What you need to do => Key in the whole listing below again, keeping every word as it is.

Data supplied =>
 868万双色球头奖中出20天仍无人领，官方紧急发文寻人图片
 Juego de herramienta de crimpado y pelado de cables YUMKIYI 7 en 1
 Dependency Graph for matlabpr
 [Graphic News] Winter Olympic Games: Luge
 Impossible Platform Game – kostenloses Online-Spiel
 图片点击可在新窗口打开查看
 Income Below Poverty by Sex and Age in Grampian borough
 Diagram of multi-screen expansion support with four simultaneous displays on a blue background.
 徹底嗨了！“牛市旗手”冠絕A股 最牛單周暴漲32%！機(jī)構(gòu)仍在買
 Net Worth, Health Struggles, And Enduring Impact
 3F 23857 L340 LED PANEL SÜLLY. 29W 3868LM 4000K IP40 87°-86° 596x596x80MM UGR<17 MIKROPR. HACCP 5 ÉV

Output below =>
 868万双色球头奖中出20天仍无人领，官方紧急发文寻人图片
 Juego de herramienta de crimpado y pelado de cables YUMKIYI 7 en 1
 Dependency Graph for matlabpr
 [Graphic News] Winter Olympic Games: Luge
 Impossible Platform Game – kostenloses Online-Spiel
 图片点击可在新窗口打开查看
 Income Below Poverty by Sex and Age in Grampian borough
 Diagram of multi-screen expansion support with four simultaneous displays on a blue background.
 徹底嗨了！“牛市旗手”冠絕A股 最牛單周暴漲32%！機(jī)構(gòu)仍在買
 Net Worth, Health Struggles, And Enduring Impact
 3F 23857 L340 LED PANEL SÜLLY. 29W 3868LM 4000K IP40 87°-86° 596x596x80MM UGR<17 MIKROPR. HACCP 5 ÉV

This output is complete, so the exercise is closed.